Feb 11: Tesla CEO Elon Musk opened up about the death of his firstborn son in a 2018 email exchange that was recently made public with the parent of a driver who died in a Tesla crash.

“There is nothing worse than losing a child,” Musk wrote in an email to James Riley dated May 10, 2018, reports.

In 2018, Riley’s 18-year-old son Barrett Riley and his friend died in a car crash when he lost control of a Tesla Model S going about 116 miles per hour and crashed into a concrete wall in Florida.

The series of emails was first reported by Bloomberg and is included in a court filing that was submitted in December in a wrongful death lawsuit filed by the family of Edgar Monserratt, the front seat passenger  and Barett Riley’s friend who also died in the crash.

The thread of messages spanning almost seven weeks offers a glimpse into Musk’s personal involvement in customer relations around a horrific accident.
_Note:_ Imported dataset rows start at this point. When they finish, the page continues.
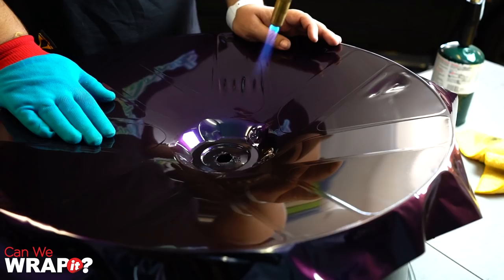So, we have the face of the wheel wrapped. It's pretty much all you can do with this one because of all the crazy steps in it. So, we're going to trim it out. Maybe if I'm bored later, I'll try to do the whole thing and go a little deeper, but for now, this is what we got.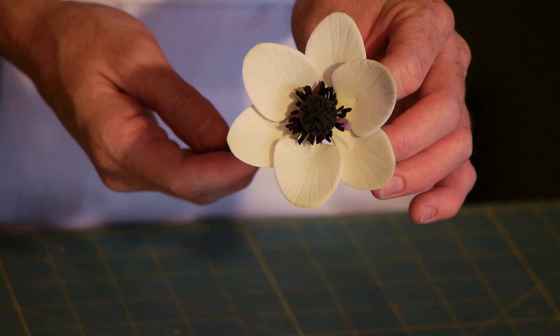Hi, I'm Andrea with Andrea Nicholas Cakes here in Portland, Oregon, and I'm going to teach you how to make a sugar flower anemone.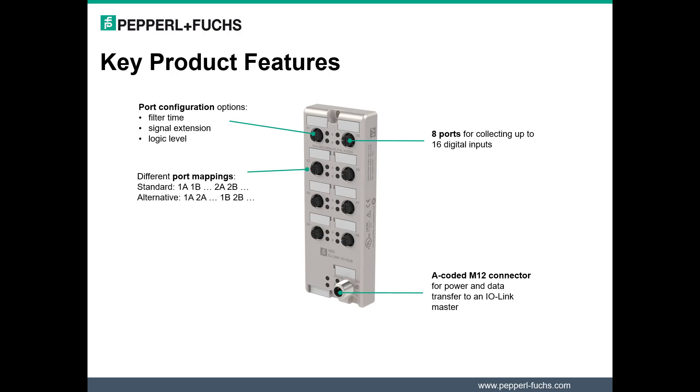Additional configuration of logic level is available on each port of the IO Hub, noted as active high or active low. This enables one to prioritize the order in which signals from ports 1 through 8 are transmitted back to the PLC. Standard configuration is 1A, 1B, 2A, 2B, and so forth. Alternate configuration may be 1A, 2A, 1B, 2B.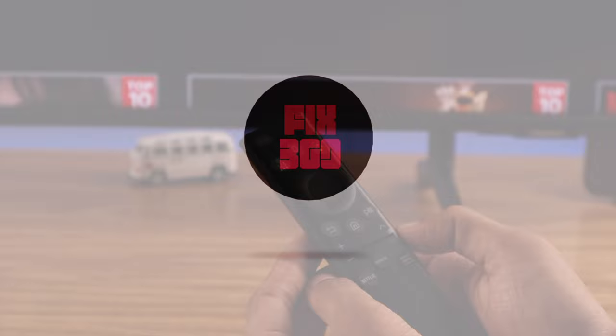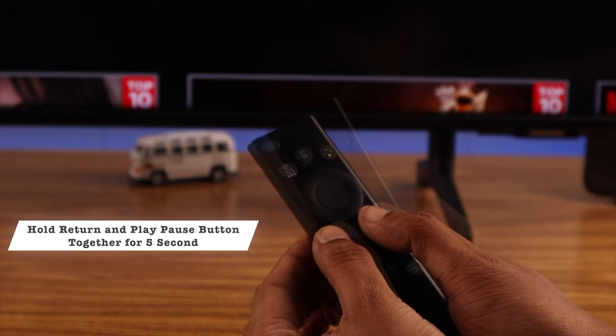To unpair it, you just need to hold the return and play/pause button together for around five seconds and you'll see the red LED flashing. Then you can release it and your remote should unpair itself from your TV.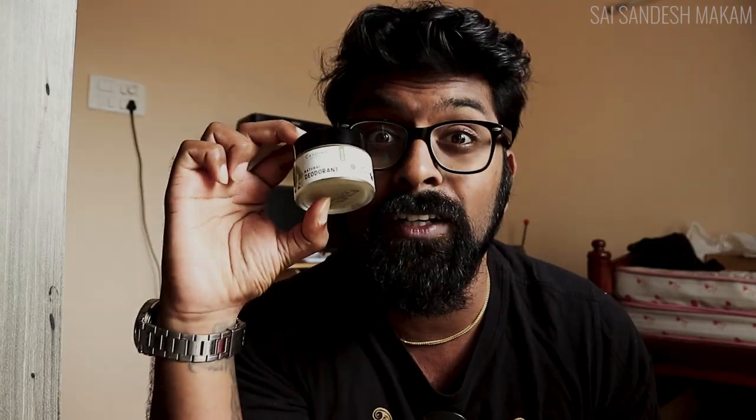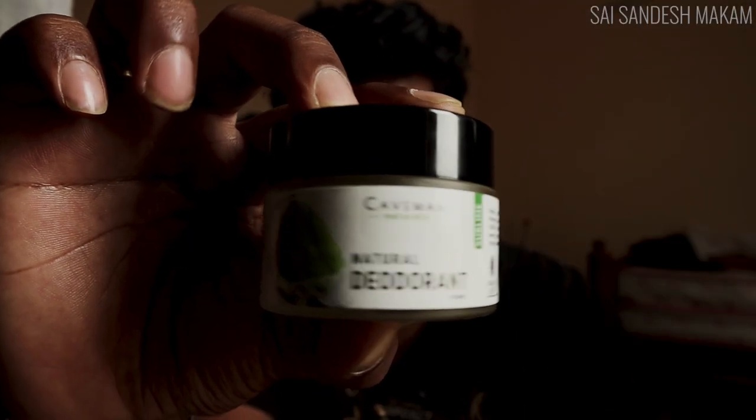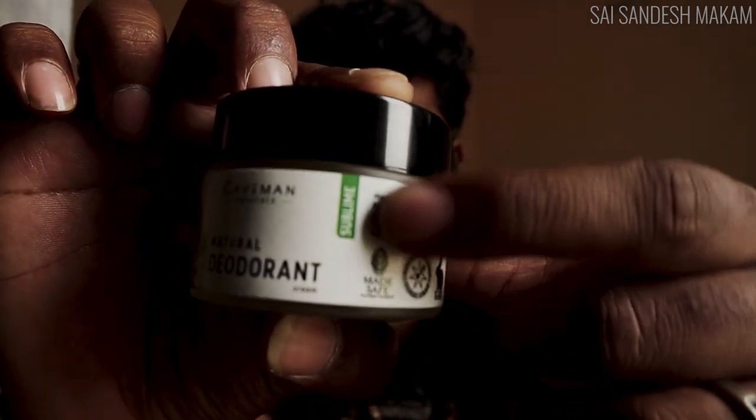You gotta listen to me very carefully on this. This is not your normal cliche spray deodorant. This is a deodorant cream. This is called Caveman Naturals Natural Deodorant Cream, and this is the Sublime variant. In the form of a cream, you're supposed to apply this onto your underarms. You take a pea-size of it, just a pea-size — not a lot, just a little bit — and apply it onto your underarms. Without wasting any time, let's try this on.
He even brings up his own loss, one he has rarely discussed in public.

“My firstborn son died in my arms. I felt his last heartbeat,” Musk wrote, referring to his son Nevada Alexander Musk who died when he was 10 weeks old.

Musk goes as far as fulfilling Riley’s request that the car company tweak a computerized feature to make it easier for parents to control the maximum speed a Tesla will go.

In June 2018, Tesla sent out a software update to its speed limit feature that would let drivers set the maximum speed between 50 mph and 90 mph through the car’s smartphone app or user interface through a four-digit PIN. Language in the owner’s manual was updated to say the feature was dedicated in the memory of Barrett Riley.

“I’ve never asked for acknowledgment for anything in my life, but it would be nice to acknowledge that Barrett and Edgar’s loss led to the enhanced safety of others,” Riley wrote to Musk on May 31, 2018.

Two days prior, Musk told Riley that Tesla “is doing everything we can to improve safety. My friends, family and I all drive Teslas, and even if they didn’t I would still do everything I could.”

Almost two years after the email exchange, Riley filed a product liability suit against Tesla in a Florida federal court. His Tesla vehicle’s “burst into an uncontrollable and fatal fire” after the crash, according to the complaint. “Barrett Riley was killed by the battery fire, not by the accident,” he said.

Riley asked Tesla two months before the accident to install a speed limiter device in its car for his son’s safety, but it was removed without permission when the car was taken to Tesla to be serviced, according to the complaint.

If not for Tesla’s negligence, the limiter would have prevented the accident and “Barrett Riley would be alive today,” according to the complaint.

Currently, the lawyer in the ongoing court case is trying to persuade a judge to order Musk to submit to questioning about Tesla’s Autopilot assisted-driving feature.